Bond market reaction to rate cuts by the ECB (European Central Bank) and PBOC (People’s Bank of China) was muted as the market is more focused on domestic factors of inflation and liquidity. ECB cut rates by 25bps and the PBOC cut lending rates by 31bps last week. The move by ECB was expected but the PBOC cut was a surprise to the markets, as the central bank had last cut rates in June 2012. Bond markets in India do sometimes react positively to rate cuts across the globe but this time markets stayed indifferent to the rate cuts and bond yields hardly moved on the news. Bond markets are not expecting RBI to lower their guard against inflation and follow other global central banks in sharply reducing policy rates.

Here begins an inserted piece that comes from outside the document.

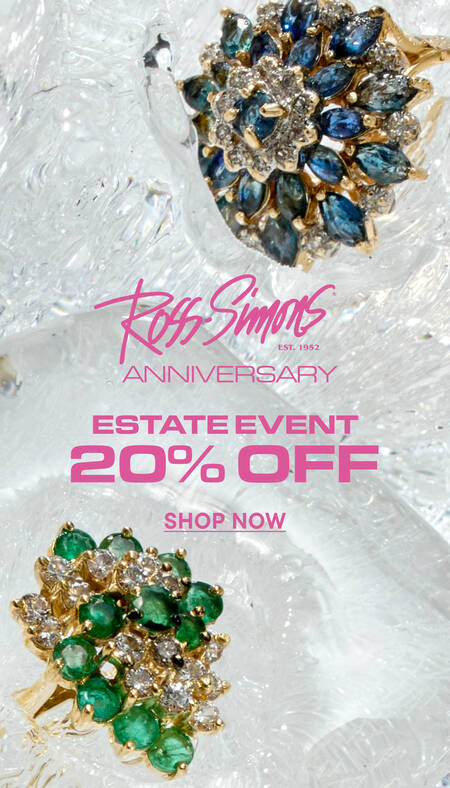 Ross-Simons Anniversary. Estate Event. 20% Off Shop Now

Bond yields closed lower week on week on the back of better than expected cut off on the new fourteen year bond and on the back of easing liquidity conditions. The ten year benchmark bond the 8.15% 2022 bond saw yields close down 2bps week on week to 8.15% levels. The new fourteen year bond that was auctioned last week saw the cut off come in at 8.33%, 6bps lower than the levels traded in the when issued market. The positive cut off on the 8.33% 2026 bond suggest that bond markets are eager for fresh on the run bonds as pricing and trading such bonds is easier than trying to find a level for bonds going off the run. The market now has three new benchmark bonds to trade, the 8.07% 2015 bond, the 8.15% 2022 bond and the 8.33% 2026 bond, leading to higher trading activity in the coming weeks.

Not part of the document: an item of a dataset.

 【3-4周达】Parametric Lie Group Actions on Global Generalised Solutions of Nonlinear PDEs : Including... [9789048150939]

Liquidity eased last week with liquidity as measured by bids for repo in the LAF (Liquidity Adjustment Facility) auction of the RBI averaging Rs 43,000 crores on a daily basis last week against an average of Rs 89,000 crores seen in the week before last. Liquidity eased despite last week being the first week of the reporting fortnight where banks look to over cover their product. Liquidity eased on the back of government spending on salaries and other such heads in the first week of the month.
Easing liquidity conditions brought down yields on money market securities with one year CD (Certificate of Deposit) yields falling 10bps week on week. Money market security yields are likely to trend down further on the back of easing of concerns on liquidity. Banks have hardly seen any deposit or credit growth (both close to zero percent growth) in the April-June 2012 period while RBI has infused primary liquidity of Rs 79,000 crores into the system through government bond purchases. RBI’s liquidity infusion will be felt in the coming weeks given that credit has not picked up.

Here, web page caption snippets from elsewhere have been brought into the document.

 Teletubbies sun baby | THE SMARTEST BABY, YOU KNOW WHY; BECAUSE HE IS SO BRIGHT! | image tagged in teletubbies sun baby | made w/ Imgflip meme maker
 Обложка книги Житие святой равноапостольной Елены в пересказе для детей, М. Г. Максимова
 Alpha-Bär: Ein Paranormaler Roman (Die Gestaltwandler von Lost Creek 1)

The OIS (Overnight Index Swaps) market saw the yield curve fall with one and five year OIS yields moving down 6bps and 3bps week on week respectively. Improved outlook on liquidity helped OIS yields move down and the curve is likely to see its inversion come off from current levels of 57bps if liquidity trends towards the positive side.
RBI for the first time released an indicative borrowing program by the state governments. State governments are expected to borrow around Rs 36,000 crores to Rs 40,000 crores in the July-September 2012 quarter. The level of state government borrowing is reasonable and will not impact bond markets in terms of supply and liquidity.
Government bond auctions and OMO’s
There government auctioned Rs 15,000 crores of bonds last week. The bonds auctioned were the 8.19% 2020 for Rs 4000 crores, a new 14 year bond for Rs 6000 crores, the 8.28% 2032 bond for Rs 2000 crores and the 8.33% 2041 bond for Rs 3000 crores. The cut offs came in at 8.21%, 8.33%, 8.55% and 8.65% respectively. The government is scheduled to auction Rs 16,000 crores of bonds this week.